▸ Your instructions:
Exact copy, no pictures: reproduce the lines from the one that holds "Tiffany & Co." through the end of the entries.

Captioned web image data
————————
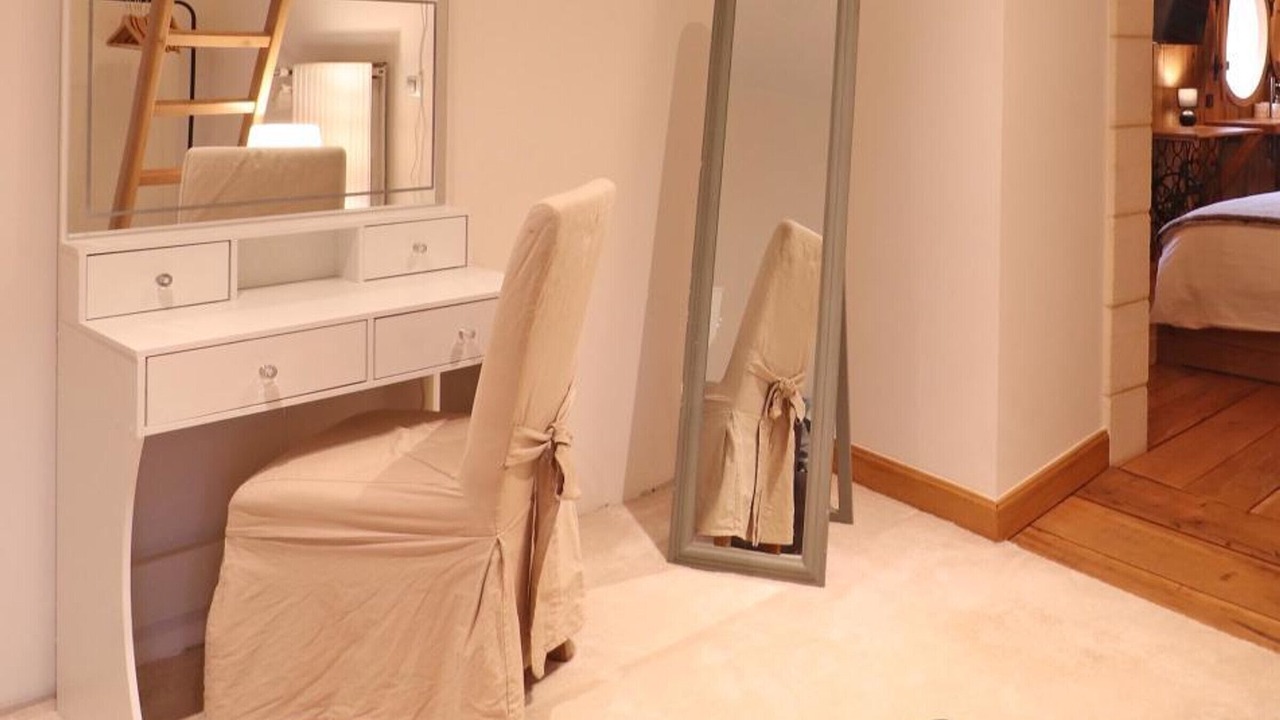 Photo of Others in Mace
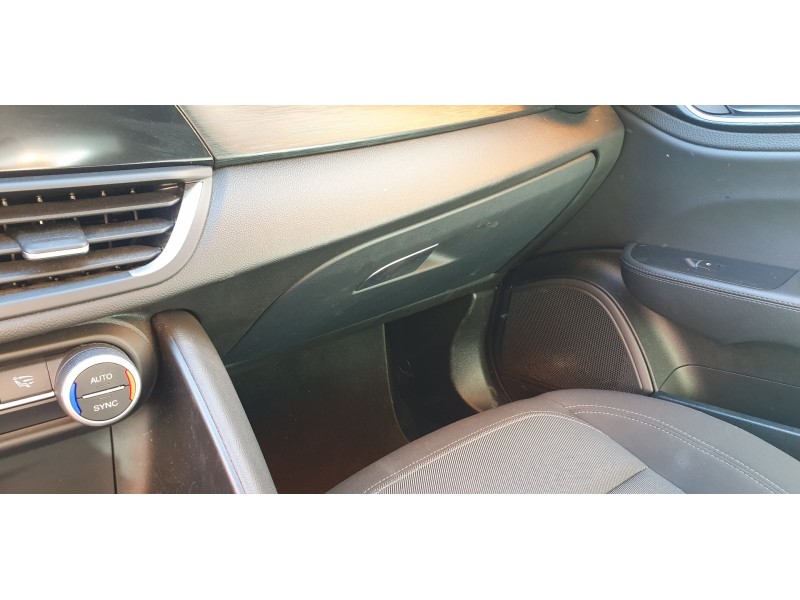 Recambio de guantera para alfa romeo giulia (952) 2.2 jtdm cat referencia OEM IAM 156114537  
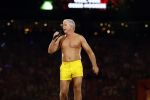 Amsterdam 25 mei 2024
Dries Roelvink treedt op in een gele zwembroek tijdens het toppers concert in de Johan Cruijff arena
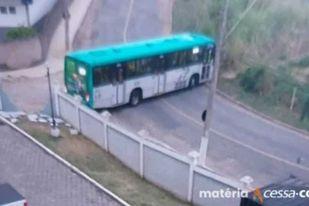 Motorista de Ônibus Colide com Muro de Condomínio em Juiz de Fora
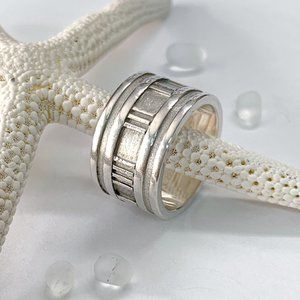 Tiffany & Co. Atlas Ring in Silver, 12mm, size 6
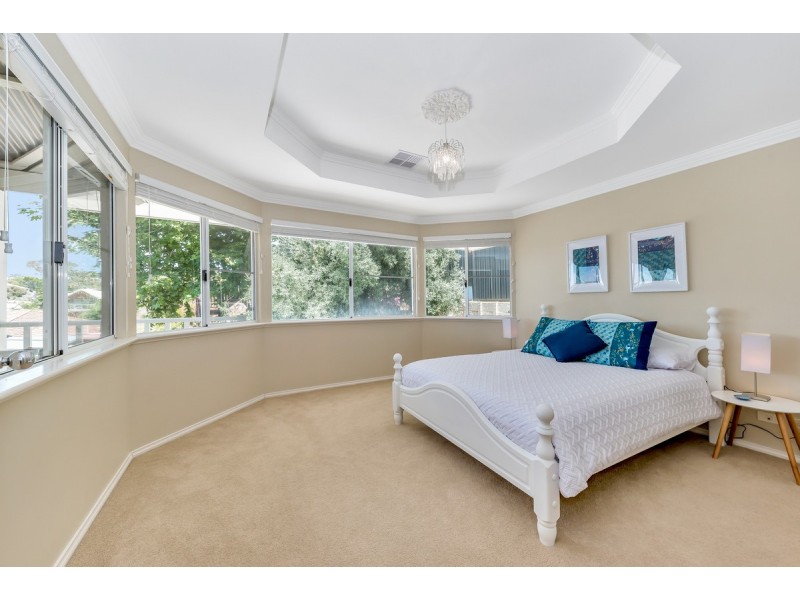 3B Oversby Street, Halls Head WA 6210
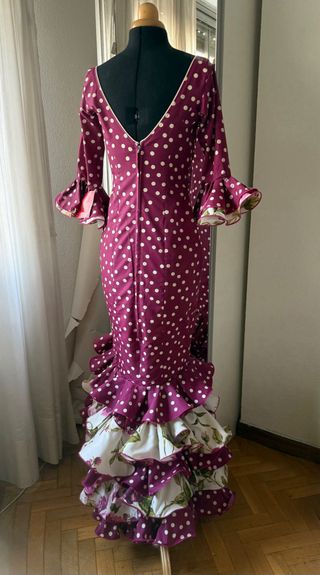 Vestido Flamenco Lunares Morado
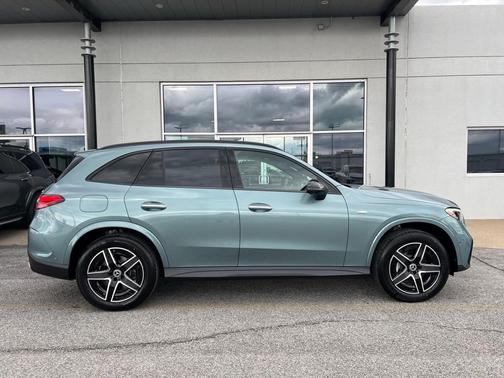 2025 Mercedes-Benz GLC 350e Base 4MATIC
————————
▸ Response to this task:
 Tiffany & Co. Atlas Ring in Silver, 12mm, size 6
 3B Oversby Street, Halls Head WA 6210
 Vestido Flamenco Lunares Morado
 2025 Mercedes-Benz GLC 350e Base 4MATIC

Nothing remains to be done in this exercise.